Le 10 janvier 2009, Monsieur [F] [T] et Madame [J] [N] son épouse se sont l'un et l'autre portés caution solidaire de la Sarl Rhône Alpes Échafaudages, au bénéfice de la SA Société Générale, pour l'ensemble de ses engagements et sur une durée de 10 ans, dans la limite de la somme de 195 000 euros couvrant le paiement du principal, des intérêts et, le cas échéant, des pénalités ou intérêts de retard.
Postérieurement, le 8 février 2010, la SA Société Générale a octroyé à la Sarl Rhône Alpes Échafaudages un prêt d'un montant de 180 000 euros remboursable en 84 mensualités.
Par décision du 11 février 2014, le tribunal de commerce de Chambéry a prononcé l'ouverture d'une procédure de redressement judiciaire au bénéfice de la Sarl Rhône Alpes Échafaudages, laquelle a été convertie en liquidation judiciaire par décision du 23 juin 2014.
Appelés en garantie par la banque par lettres recommandées avec demande d'avis de réception du 4 juillet 2014, les cautions n'ont pas honoré leurs engagements respectifs.
Par acte du 8 novembre 2017, la SA Société Générale a alors fait assigner en paiement Monsieur [F] [T] et Madame [J] [N] divorcée [T].
Par jugement contradictoire du 19 mai 2020, le tribunal judiciaire de Thonon-les-Bains a :
- débouté la SA Société Générale de ses demandes de condamnation de Madame [N] et Monsieur [T] à lui régler les sommes de 32 180,41 et 99 580,37 euros avec intérêts capitalisés par années entières, au titre de leurs engagements de caution souscrits le 10 janvier 2009,
- débouté Madame [N] et Monsieur [T] de leur demande reconventionnelle de condamnation de la SA Société Générale à leur régler des dommages et intérêts avec compensation,
- débouté les parties de leurs demandes respectives formulées au titre de l'article 700 du code de procédure civile,
- condamné la SA Société Générale aux dépens,
- dit n'y avoir lieu à exécution provisoire,
- débouté les demandeurs de toutes leurs autres demandes, comprenant les demandes plus amples et contraires.
Par acte du 24 juillet 2020, le Fonds commun de titrisation Cedrus, venant aux droits et obligations de la SA Société Générale, a interjeté appel du jugement.
Dans ses conclusions notifiées par voie électronique le 7 février 2022, auxquelles il convient de se référer pour un plus ample exposé des moyens, le Fonds commun de titrisation Cedrus demande à la cour de :
Réformant le jugement entrepris,
- condamner Madame [N], ainsi que Monsieur [T] à lui régler les sommes de :
44 350,46 euros, avec intérêts de retard au taux légal courant jusqu'à complet règlement au titre du prêt n°2100 390 1090 5000 4930,
18 494,40 euros, avec intérêts de retard au taux légal courant jusqu'à complet règlement au titre du prêt n°114 000 2005 359 5000 2030,
- condamner Madame [N] ainsi que Monsieur [T] au paiement de la somme de 4 000 euros sur le fondement de l'article 700 du code de procédure civile,
- condamner les intimés aux entiers dépens dont la distraction interviendra au bénéfice de Maître Bregman en application de l'article 699 du code de procédure civile.

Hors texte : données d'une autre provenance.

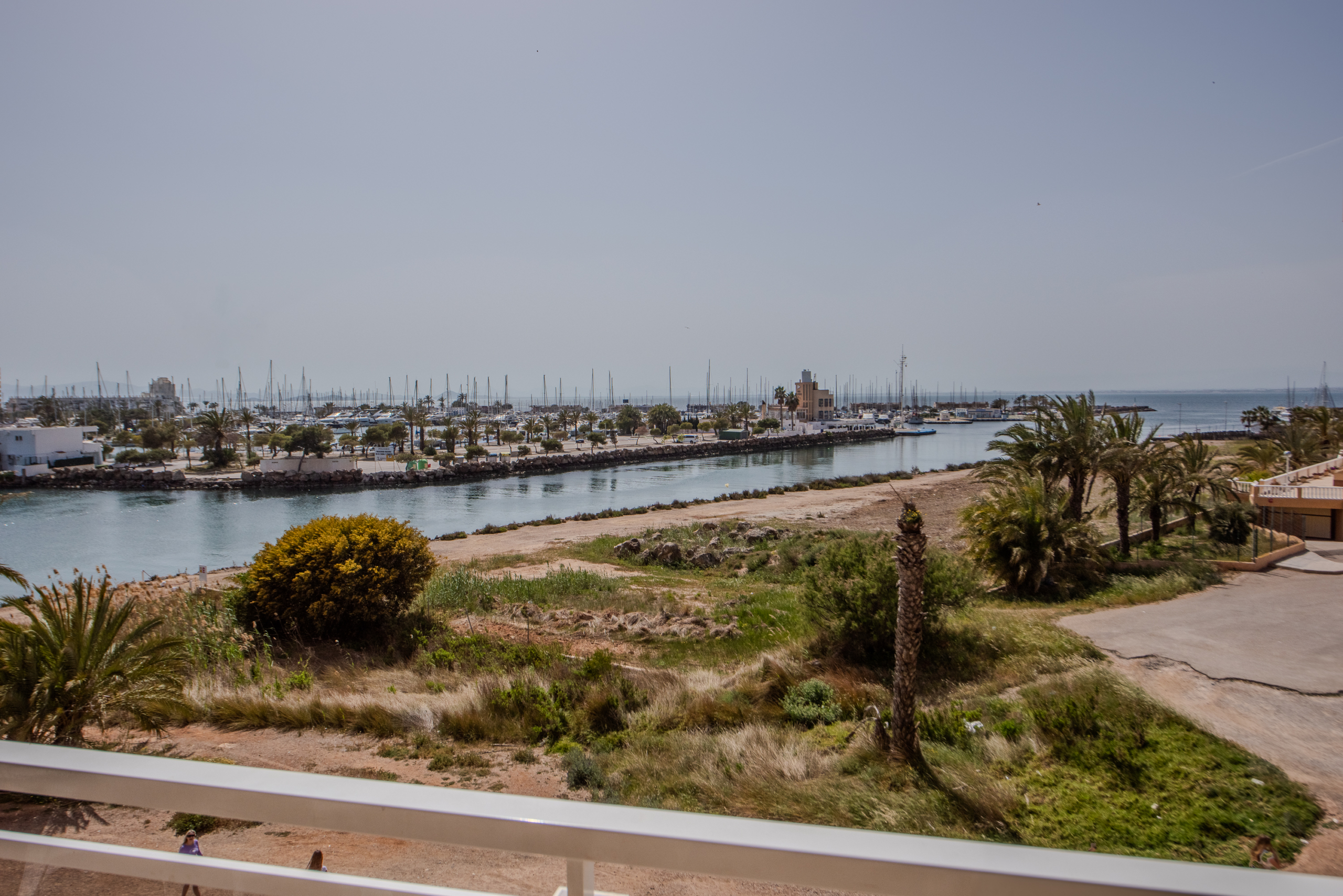 Uitzicht vanaf balkon van appartement in Puerto Mar 1-2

En réplique, dans ses conclusions notifiées par voie électronique le 21 octobre 2022, auxquelles il convient de se référer pour un plus ample exposé des moyens, Monsieur [T] demande à la cour de :
À titre principal,
- confirmer le jugement entrepris en ce qu'il a débouté la SA Société Générale de toutes ses demandes à son encontre,
- infirmer ce jugement en ce qu'il a :
- dit et jugé que l'engagement de caution souscrit n'était pas manifestement disproportionné,
- débouté Monsieur [T] de sa demande de condamnation de la SA Société Générale au paiement de dommages et intérêts,
Et statuant à nouveau, à titre principal,
- dire et juger que la SA Société Générale ne démontre pas avoir rempli son obligation de renseignement à l'égard des cautions,
- dire et juger que l'engagement de caution du 10 janvier 2009 est manifestement disproportionné,
- dire et juger que la SA Société Générale ne peut se prévaloir de son acte de caution litigieux,
En conséquence,
- débouter le Fonds commun de titrisation Cedrus, venant aux droits de la SA Société Générale, de l'ensemble de ses demandes,
À titre subsidiaire,
- dire et juger que la SA Société Générale n'a pas déféré à son obligation de mise en garde à son égard, caution non avertie,
- condamner en conséquence le Fonds commun de titrisation Cedrus, venant aux droits de la SA Société Générale, à lui verser des dommages et intérêts à hauteur des sommes qu'il lui réclame et ordonner la compensation entre les créances respectives des parties,
À titre infiniment subsidiaire,
- dire et juger que la SA Société Générale n'a pas déféré à son obligation d'information de la caution,
- prononcer en conséquence, à l'encontre du Fonds commun de titrisation Cedrus, la déchéance du droit aux intérêts, frais et pénalités depuis l'origine des engagements de caution,
- dire et juger qu'à défaut pour le Fonds commun de titrisation Cedrus, venant aux droits de la SA Société Générale, de produire un décompte de créance expurgé de tous les intérêts, frais et pénalités, il devra être considéré comme ne justifiant pas d'une créance certaine en son montant,
- débouter le Fonds commun de titrisation Cedrus, venant aux droits de la SA Société Générale de l'ensemble de ses demandes formulées à son, faute de créance certaine, liquide et exigible,
- dire et juger que sa condamnation ne saurait excéder les sommes de 44 350,46 euros au titre du prêt n°2100 390 1090 5000 4930 et de 18 494,40 euros au titre du prêt n°114 000 2005 359 5000 2030,
- lui octroyer un échelonnement de la dette sur 24 mois, avec imputation des paiements en priorité sur le capital,
En tout état de cause,
- condamner le Fonds commun de titrisation Cedrus, venant aux droits de la SA Société Générale, au paiement de la somme de 5 000 euros au titre de l'article 700 du code de procédure civile, outre les entiers dépens de première instance et d'appel.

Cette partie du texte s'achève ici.